Repeat everything in the listing exactly, except for the images.
════════
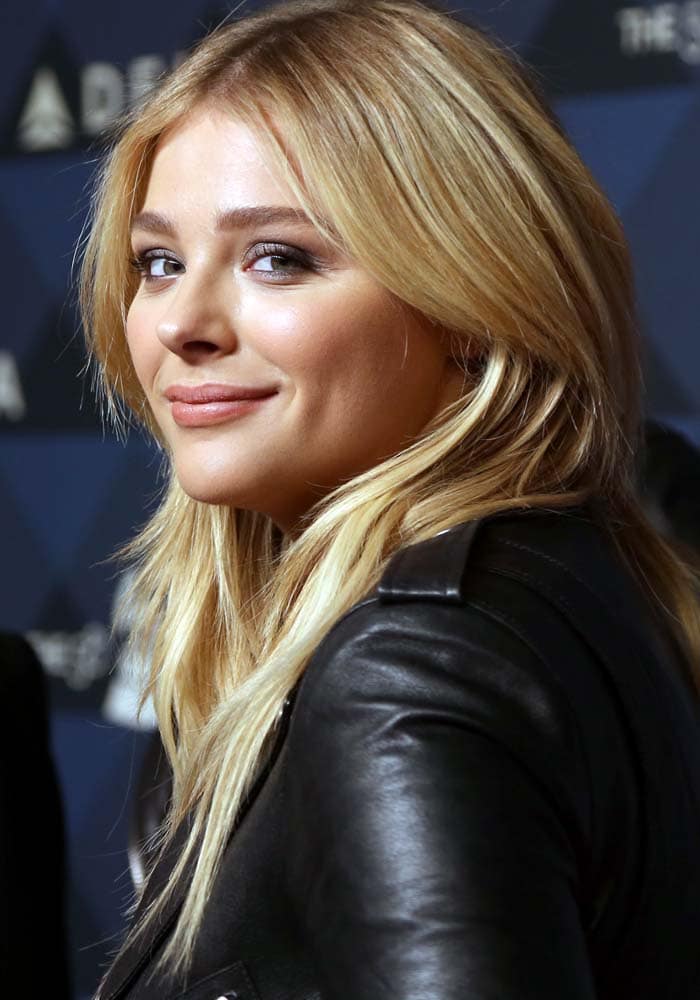 Chloe Moretz keeps her makeup simple and wears her hair down at Delta Air's "Sites & Sounds" Grammy Party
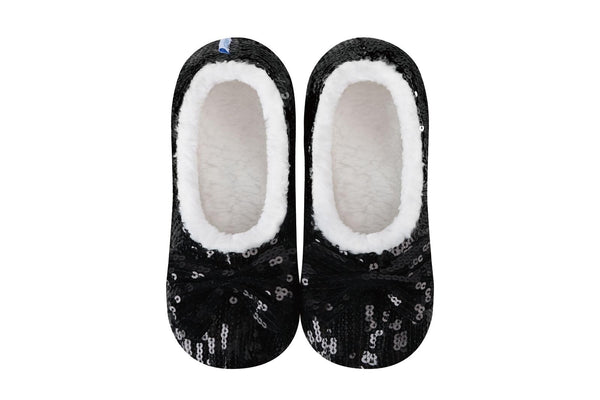 Snoozies Ballerina Bling Metallic Shine Slippers | Sequin House Shoes for Women | Slipper Socks with Grippers | Cute Indoor Footwear Medium Black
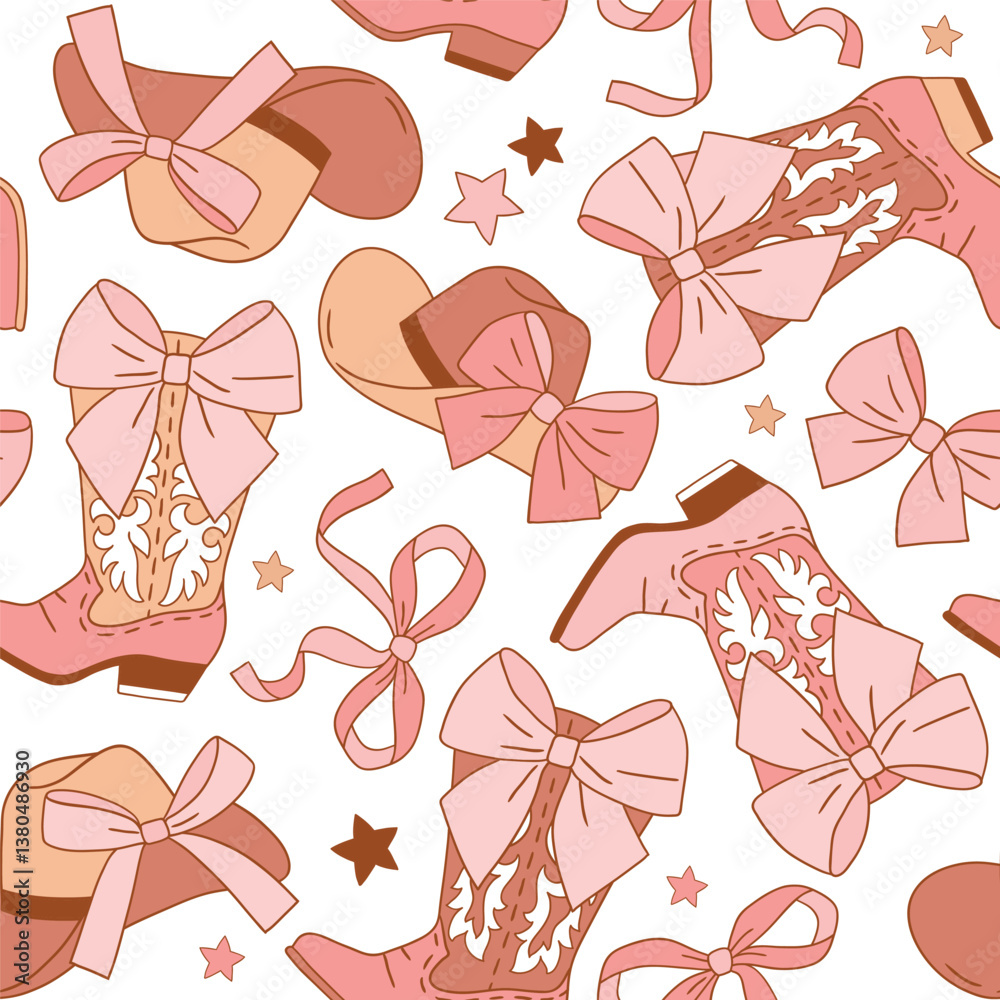 custom made wallpaper toronto digitalSeamless vector pattern with western cowgirl boots with bow and rope. Hand drawn rodeo background. EPS 10 vector file. Perfect for textile, wallpaper or nursery print design.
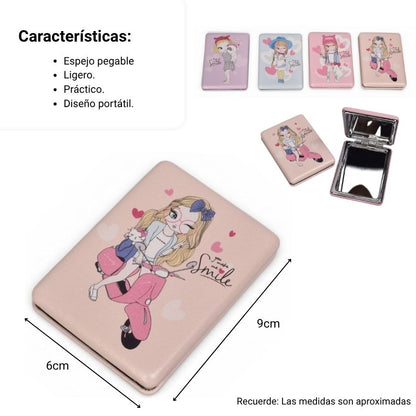 ESPEJO CUADRADO PEQUEÑO CARTERA MUÑECAS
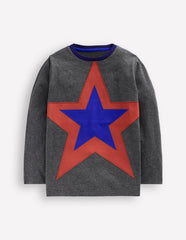 Boden Star Appliqué T-shirt - GREY MARL STAR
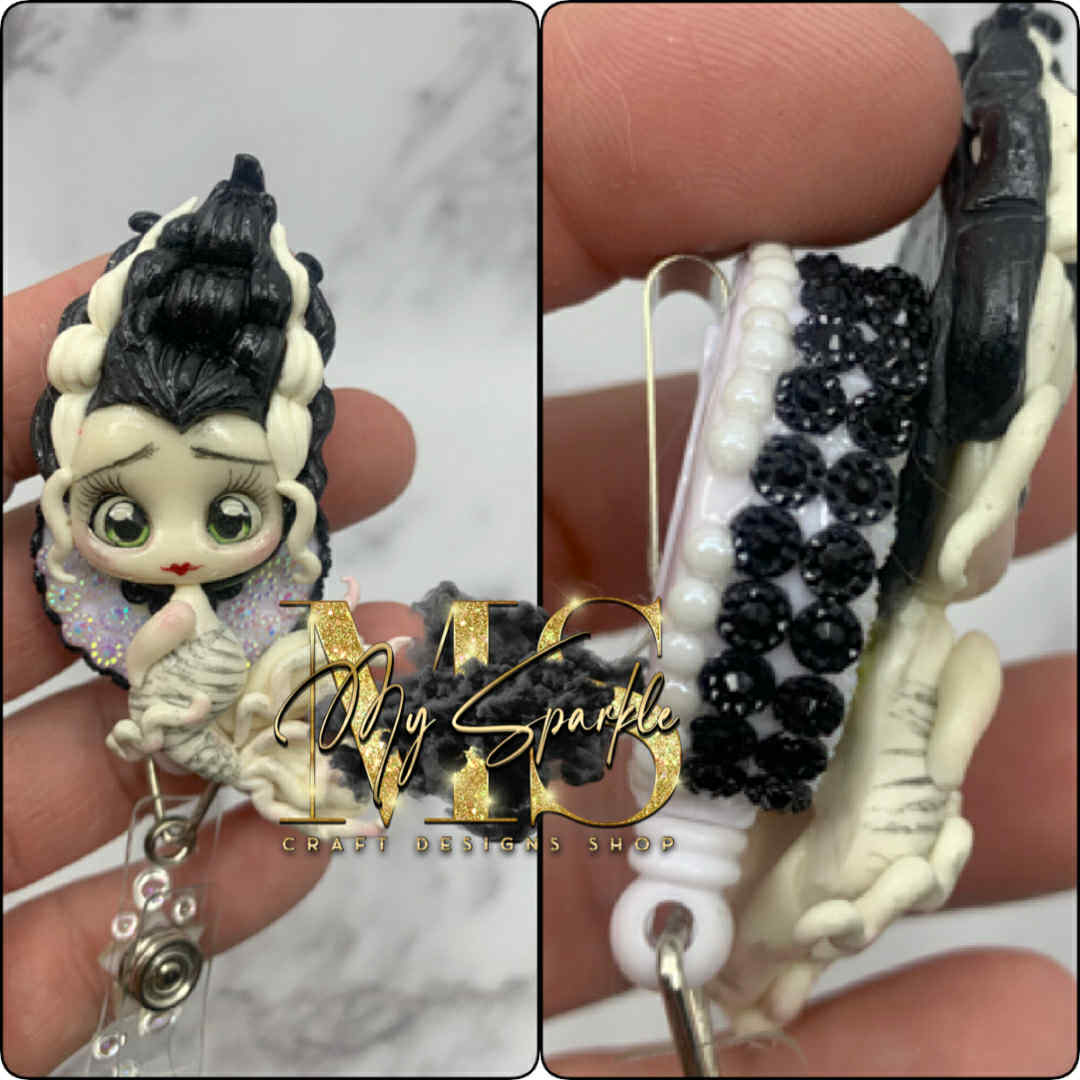 Frankenstein Mermaid Clay Badge Reel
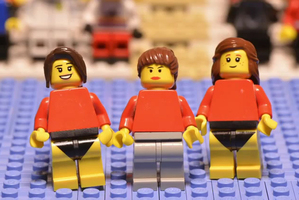 The Lego gymnasts in action. Photo / YouTube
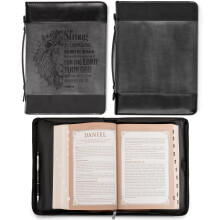Presentes de arte crist   os Classic Faux Leather Bible Cover para homens e mulheres: seja forte e corajoso - Joshua 1: 9 Verso da B   blia Inspirada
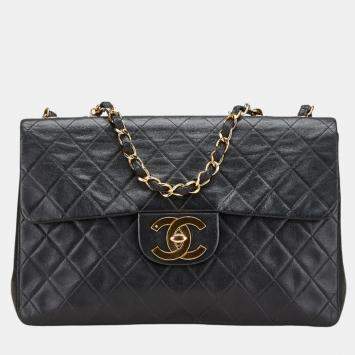 Pre Owned Chanel Coco Mark Deca Matelasse 34 Black Leather Chain Shoulder Bag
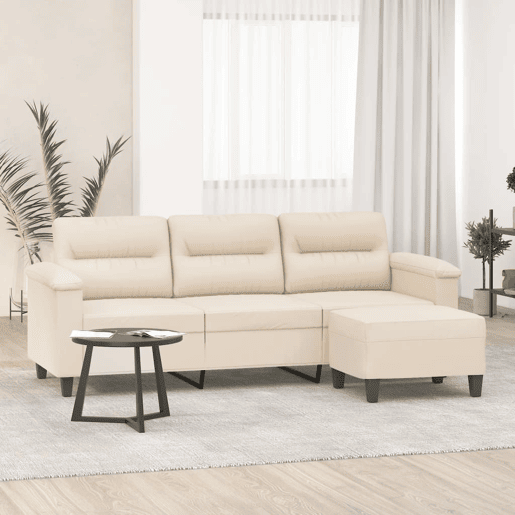 vidaXL Sofá de 3 lugares c apoio de pés 180 cm tecido microfibra bege vidaXL Sofá de 3 lugares c apoio de pés 180 cm tecido microfibra bege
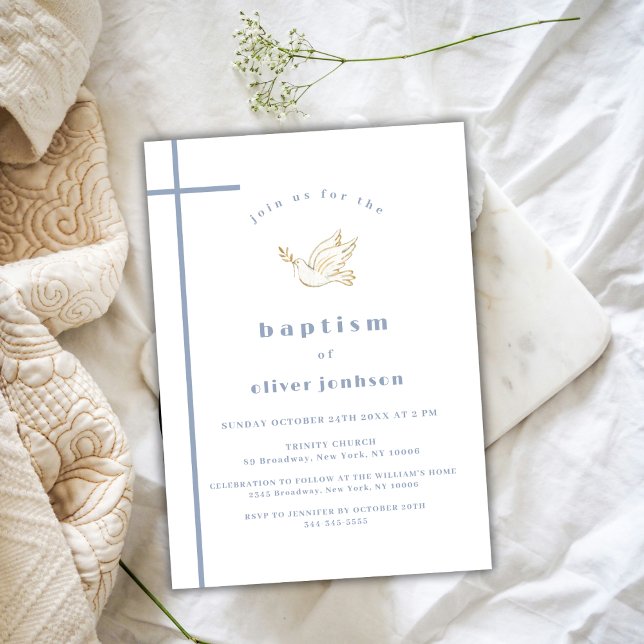 Blue Modern Bird Kor Christening Boy Baptism Inbjudningar (Blue Modern Bird Cross Christening Boy Baptism Invitation)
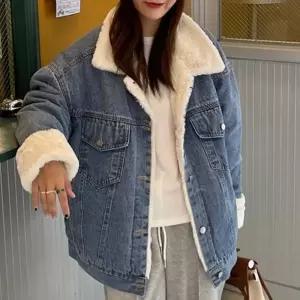 양털자켓 여성용 데일리 경량 양털 카라 데님 숏 자켓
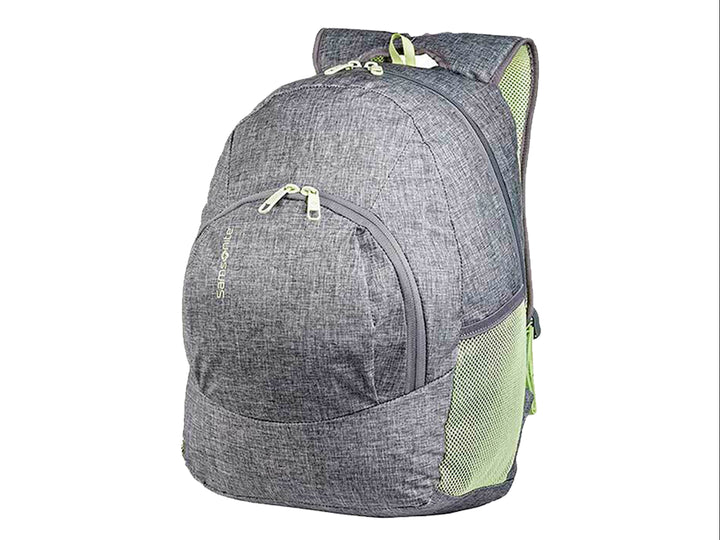 Mochila Samsonite color gris jaspeado con detalles en verde lima y diseño ergonómico.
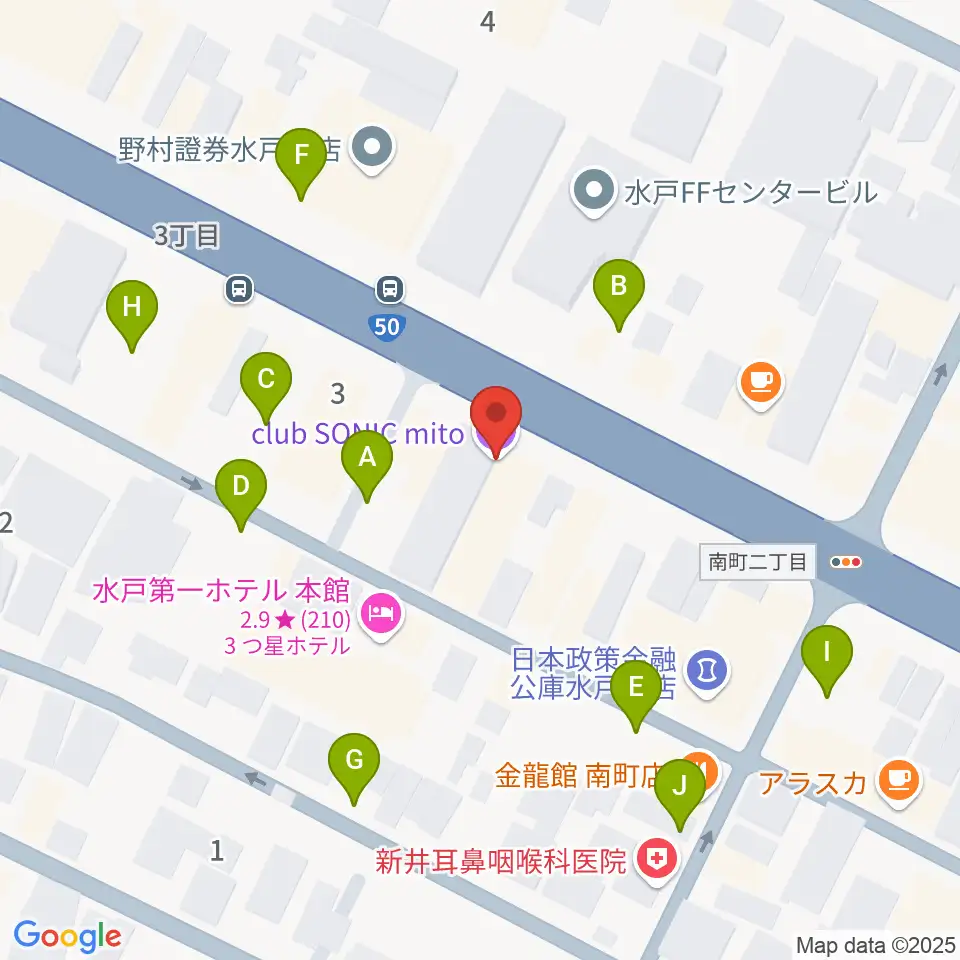 水戸SONIC周辺の駐車場・コインパーキング一覧地図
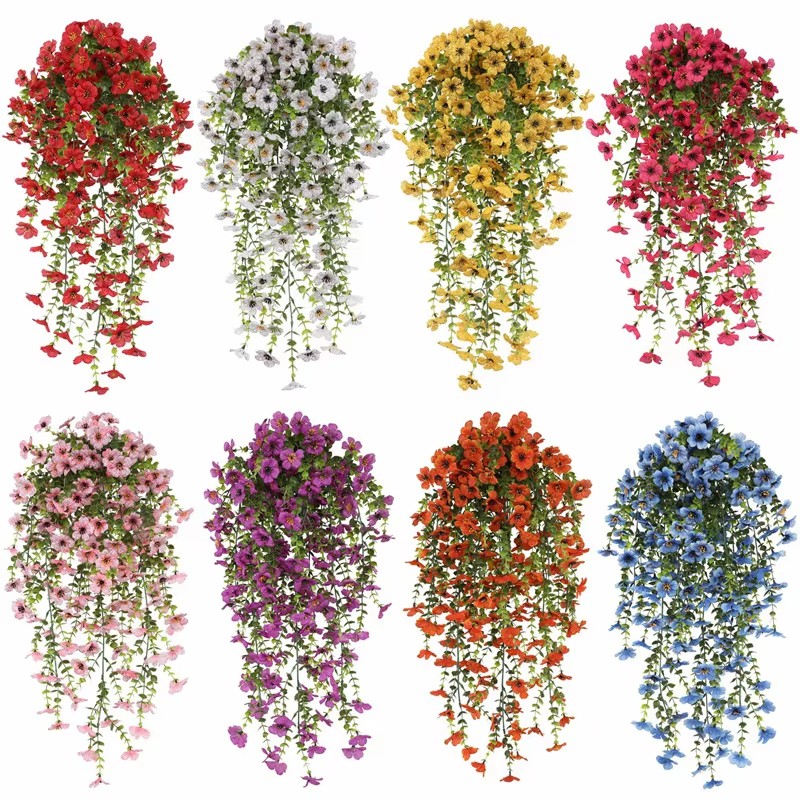 Artificial Fake Flowers Vine Plants UV Resistant Wedding Garden In/Outdoor Decor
════════
# Exercise output
 Chloe Moretz keeps her makeup simple and wears her hair down at Delta Air's "Sites & Sounds" Grammy Party
 Snoozies Ballerina Bling Metallic Shine Slippers | Sequin House Shoes for Women | Slipper Socks with Grippers | Cute Indoor Footwear Medium Black
 custom made wallpaper toronto digitalSeamless vector pattern with western cowgirl boots with bow and rope. Hand drawn rodeo background. EPS 10 vector file. Perfect for textile, wallpaper or nursery print design.
 ESPEJO CUADRADO PEQUEÑO CARTERA MUÑECAS
 Boden Star Appliqué T-shirt - GREY MARL STAR
 Frankenstein Mermaid Clay Badge Reel
 The Lego gymnasts in action. Photo / YouTube
Presentes de arte crist   os Classic Faux Leather Bible Cover para homens e mulheres: seja forte e corajoso - Joshua 1: 9 Verso da B   blia Inspirada
 Pre Owned Chanel Coco Mark Deca Matelasse 34 Black Leather Chain Shoulder Bag
 vidaXL Sofá de 3 lugares c apoio de pés 180 cm tecido microfibra bege vidaXL Sofá de 3 lugares c apoio de pés 180 cm tecido microfibra bege
 Blue Modern Bird Kor Christening Boy Baptism Inbjudningar (Blue Modern Bird Cross Christening Boy Baptism Invitation)
 양털자켓 여성용 데일리 경량 양털 카라 데님 숏 자켓
 Mochila Samsonite color gris jaspeado con detalles en verde lima y diseño ergonómico.
 水戸SONIC周辺の駐車場・コインパーキング一覧地図
 Artificial Fake Flowers Vine Plants UV Resistant Wedding Garden In/Outdoor Decor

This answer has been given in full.